UNC-Chapel Hill School of Government professor Jeff Welty said in a September interview that despite other states passing laws governing body camera footage, North Carolina’s law is unique.

“(Other) states are all over the map,” Welty said. “But one aspect of our law that that’s unique is that I don’t think there is any other state in which there is no way to get access to a recording like this except through a court order.”

Alderman Sammy Slade voted against the policy Tuesday night because he said the state law limits one of the original intentions of body cameras.

“I feel that one of the values that video footage has… is for the public to serve to hold accountable not just the police force but (also) the justice system itself,” Slade said in the meeting.

“A superior court judge is accountable to a larger group of people who vote for him than a Board of Aldermen or an elected body is. Other people participating that have other issues or concerns may not feel the accountability that may happen is as direct”

Alderman Bethany Chaney said that despite objections to the state law she supports the new policy.

“I’m very much in support of this policy,” Chaney said. “I think the two years it’s taken to get here has been appropriate.”

Gov. Pat McCrory said when he signed the law on July 11 that statute is designed to increase transparency.

“This legislation fulfills our commitment to protect our law enforcement and gain public trust by promoting uniformity, clarity and transparency,” McCrory said.

Gov. Roy Cooper opposed the law in his campaign against McCrory, criticizing it as misleading and not transparent.

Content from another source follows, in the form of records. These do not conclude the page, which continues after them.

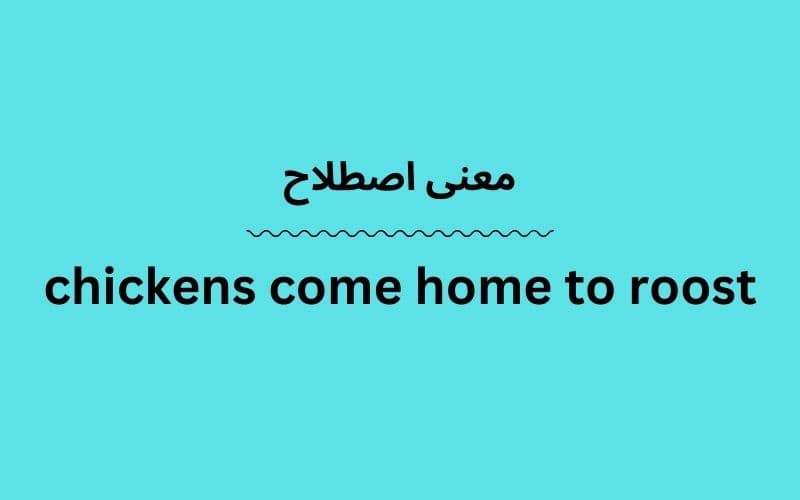 معنی chickens come home to roost چیست؟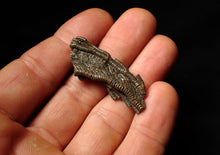 Load image into Gallery viewer, Detailed crinoid head fossil (43 mm)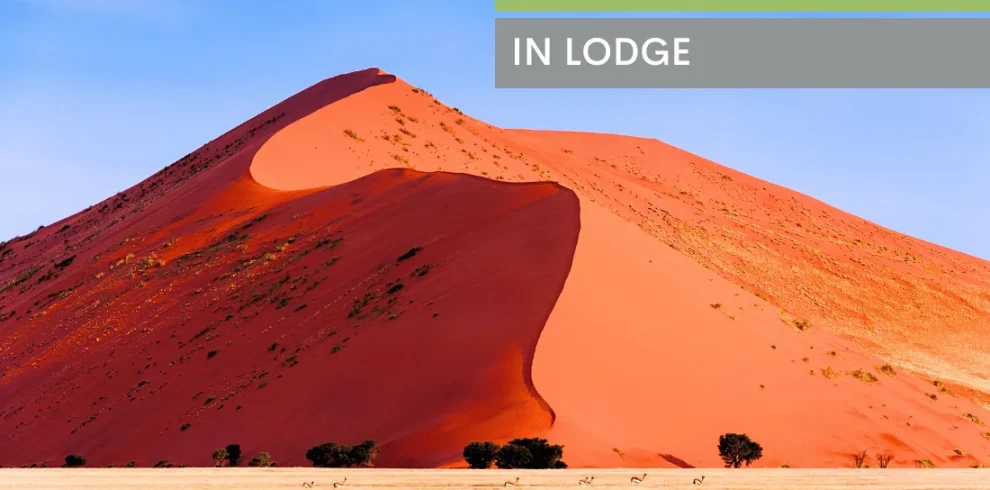 Meravigliosa Namibia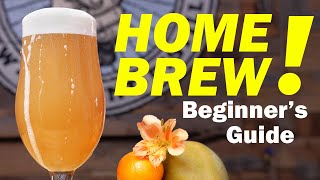 HOMEBREWING FOR BEGINNERS  How to Make Beer at Home 🏠🍺 [upl. by Aslin]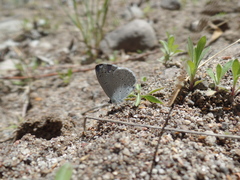 Celastrina echo cinerea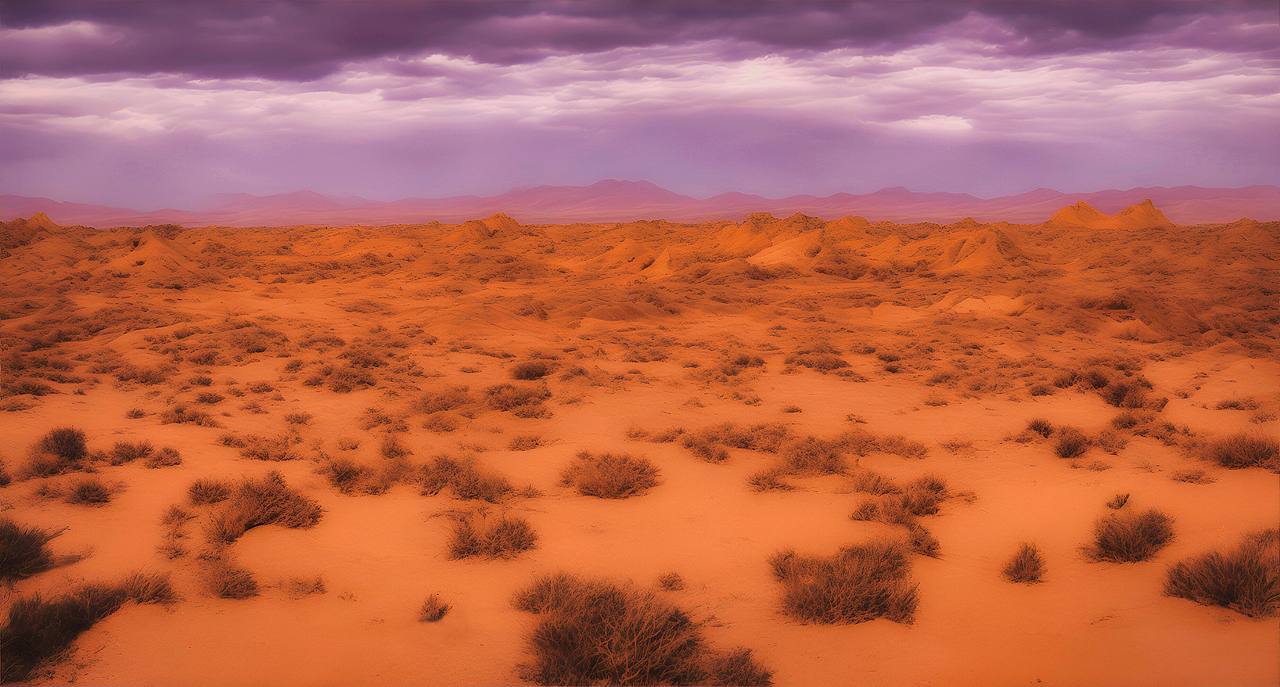 夕阳下美丽的戈壁沙漠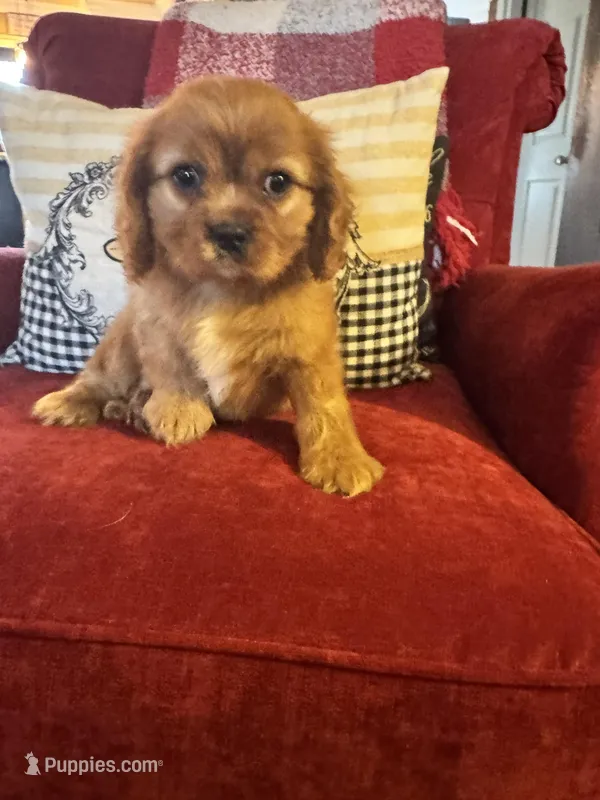 Preston – Cavalier King Charles Spaniel puppy for sale in Greenville, SC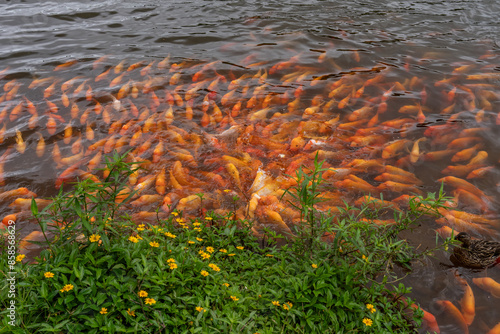 Amphilophus is a genus of cichlid fishes from Central America, ranging from southern Mexico to Panama.  The Hoʻomaluhia Botanical Garden is a botanical garden， Kāne'ohe, Oahu, Hawaii photo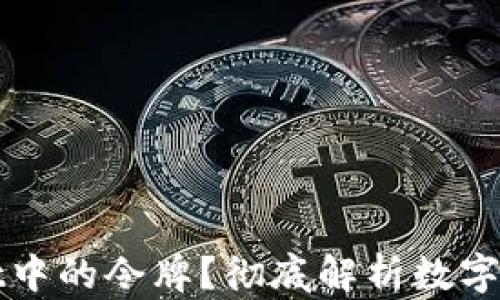 
什么是TPWallet中的令牌？彻底解析数字资产的核心概念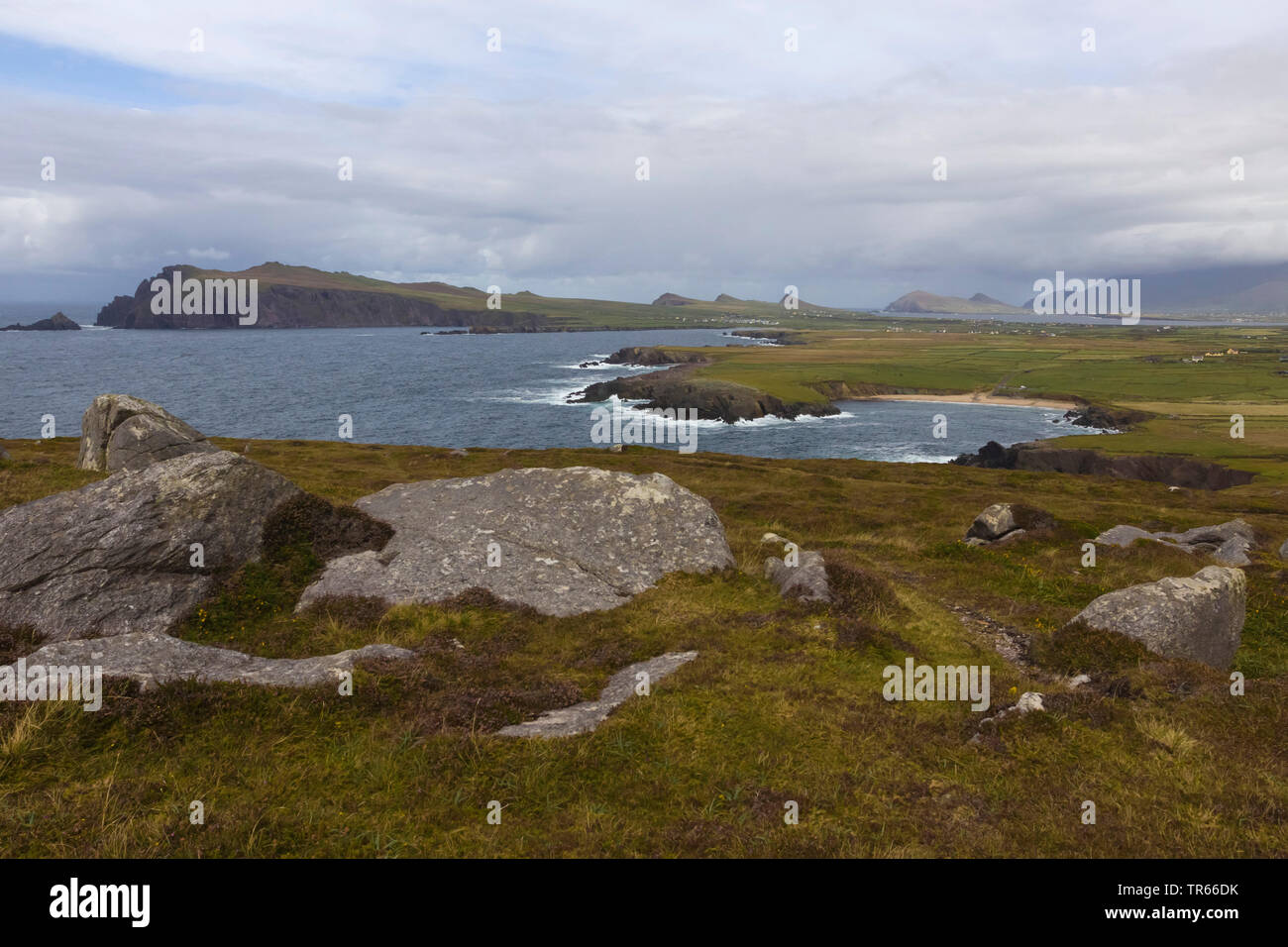 Landschaft der Halbinsel Dingle, Irland, County Kerry, Dingle Halbinsel Stockfoto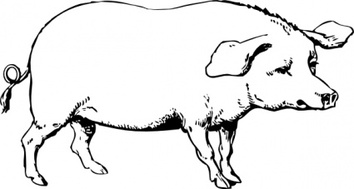 Pig clip art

“Cooper has consistently said he supports the use of body cameras in law enforcement but the law signed by Governor McCrory doesn’t do enough to ensure transparency,” Cooper campaign spokesman Ford Porter said in a statement. “Transparency is vital to building trust and respect between law enforcement and the communities they protect. It’s a shame that (the) Governor insists on attempting to mislead voters instead of taking responsibility for the law he signed.”

Herman said that releasing the tapes to the public could potentially expose the town to legal action.

“My view is the manager needs to know about (an incident) immediately and then the manager outta be able to to come in here and closed session and show you the tape and say ‘We gotta do something about this’ because what your lawyers gonna say is ‘We are gonna get the hell sued out of us,’” Herman said after the meeting.  “Now releasing to the public is sticky wicket. There would be at least legitimate arguments about some safeguard about putting this out in the public domain only because take an ambiguous tape—everybody sees what they want to see.”

Local ACLU attorney Susanna Birdsong, who collaborated on the Carrboro policy, also criticized the law in September after violent protests erupted in Charlotte, N.C. over the shooting death of Keith Lamond Scott.

“Under this shameful new law, North Carolinians will have to spend time and money seeking a court order if they want to obtain police footage they themselves are in – and even then, they could still be denied,” Birdsong said in a statement. “The law also prohibits law enforcement agencies from releasing footage in the public interest – as we have seen officials do recently in Greensboro, Charlotte and Tulsa, Oklahoma – without a court order, which is why it has been criticized by police chiefs in Burlington, Fayetteville, and Greenville, and people across the state.”

The Carrboro policy would allow officers to view recordings prior to writing their reports, except in cases of officer involved shootings. In the event of a shooting, the officer would be suspended for two to three days and then would be required to write a statement about the shooting before they could view the tape. The written statement could then be amended thereafter, but the original draft of the statement would be kept.

Carrboro Police Chief Walter Horton said he supports the new policy, but it will not be the panacea to police-resident relations.

“My two cents—we’ve got a solid policy,” Horton said in the meeting. “I am looking forward to (body worn cameras) but they are not gonna be the end-all solution, the everything that’s gonna answer every question… but I’d rather have it and not need it than need it and not have it.”